Op-Ed: Freedom for sale in California – if you can afford it

A sign is seen in the window of a bail bonds office across from the Hall of Justice in San Francisco on Dec. 23, 2015.

A sign is seen in the window of a bail bonds office across from the Hall of Justice in San Francisco on Dec. 23, 2015.

(Eric Risberg / Associated Press)

On any given day, two-thirds of the people sitting in California jails haven’t been convicted of anything. These 42,000 people are simply awaiting their day in court, many of them incarcerated for no reason other than being too poor to post bail.

That fundamental unfairness is at the center of a federal case getting underway Tuesday in San Francisco. The class action suit asserts that California’s bail system allows rich people to buy their freedom while awaiting trial, but assumes poor people endanger community safety and can’t be trusted to show up on their court date.

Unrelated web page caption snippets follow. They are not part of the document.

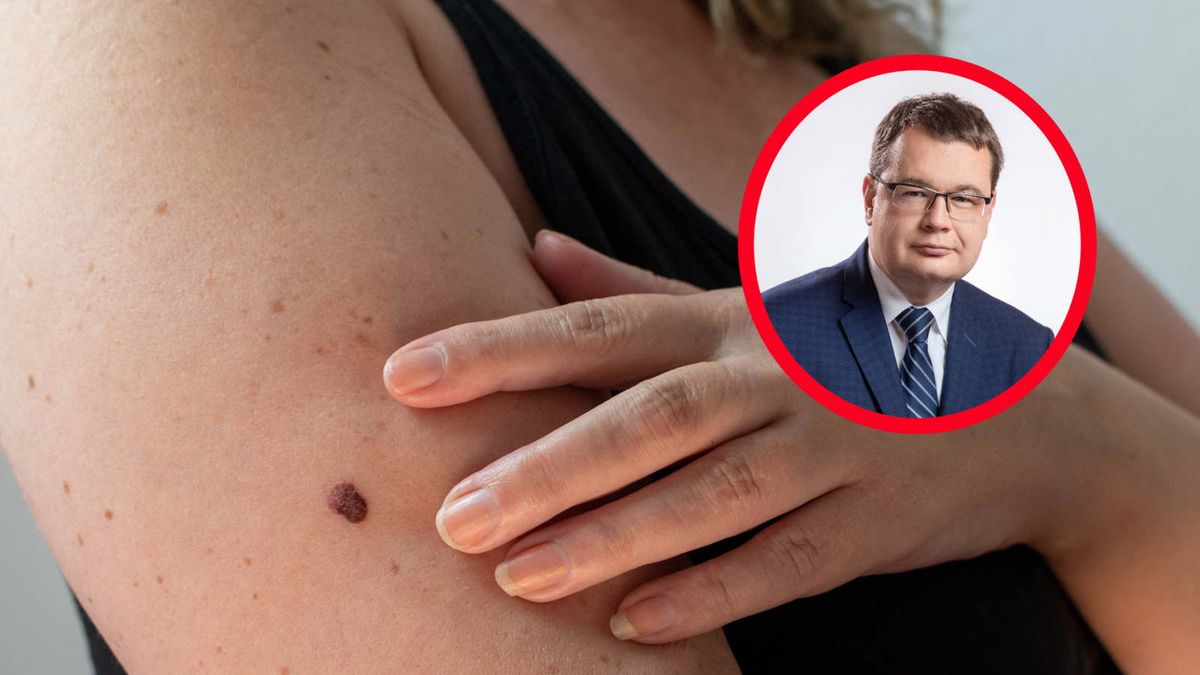 Takie zmiany powinny zaniepokoić. "Udajmy się do dermatologa"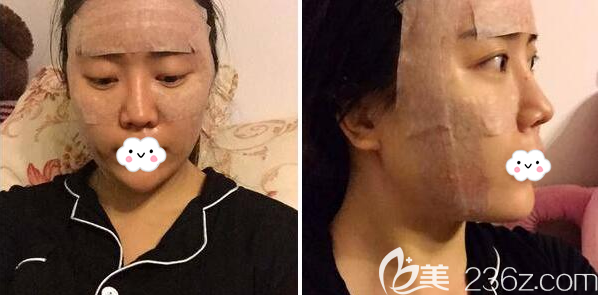 全面部脂肪填充+埋线提升术后即刻 全面部脂肪填充+埋线提升术后即刻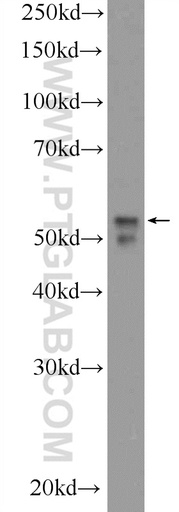 [14610-1-AP-150UL] NEUROD4 Polyclonal antibody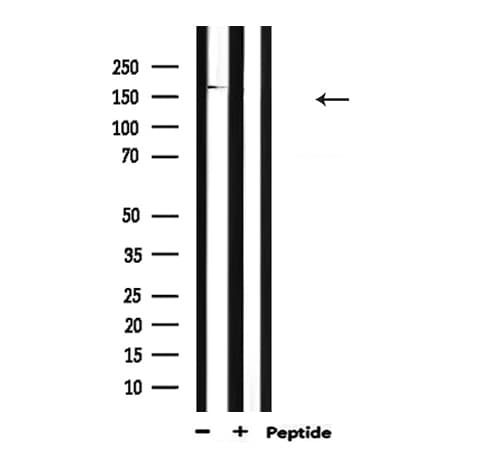 Polyclonal Rabbit anti-Human MYLK Antibody (WB)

The median [bail] amount in California is $50,000 -- five times higher than the national median. Most people don’t have anything close to that kind of cash available.

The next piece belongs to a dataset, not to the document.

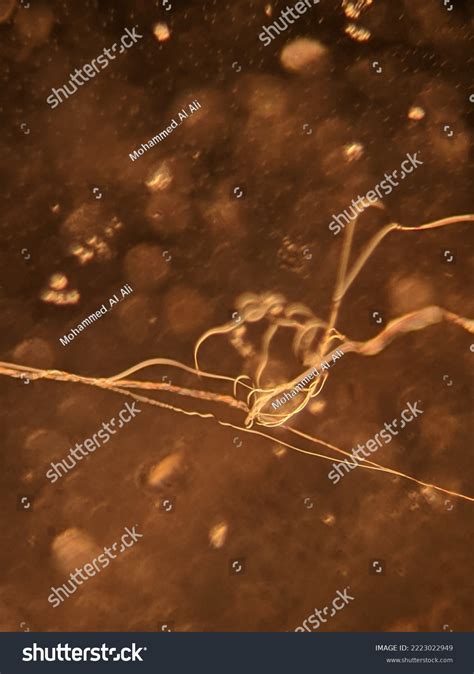 Photo Spider Silk Under Microscope Stock Photo 2223022949 | Shutterstock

One of the lead plaintiffs is Riana Buffin, who was arrested in San Francisco on suspicion of theft and conspiracy, and jailed when she couldn’t produce $30,000 in bail money. The 19-year-old Oakland resident was given no opportunity to tell a court officer that she had a job, lived with her mom and three younger brothers, and posed no flight risk or danger to the community. A few days later, the charges against her were dropped. But because Buffin missed work while being jailed for a crime she didn’t commit, she lost her job as an airport baggage handler.

In California, the bail process varies depending on where you’re arrested. In some counties, judges can quickly release people to await their court date at home. But in others, like San Francisco County where Buffin was arrested, those without bail money are stuck.

Bail isn’t pocket change either. The median amount in California is $50,000 — five times higher than the national median. Most people don’t have anything close to that kind of cash available; a survey last year found 37% of Americans couldn’t cover even a $500 car repair bill. Many wind up turning to a bond company to get released. But bail bondsmen charge about 10% of the bail amount, money people don’t get back if charges are dropped. Still, people agree to that debt because a short stay in jail can cause major struggles, such as losing a job or custody of children.

Bail compounds the already substantial race and class discrimination problems rampant in the justice system. People of color experience higher arrest rates to begin with. Then they are charged with crimes that carry heavier sentences and in turn face higher bail amounts. Finally, those who can’t afford bail are more likely to give in to pressure to plead guilty. Research shows that those jailed while awaiting trial end up receiving longer sentences than people facing similar charges who are able to wait for their court dates at home.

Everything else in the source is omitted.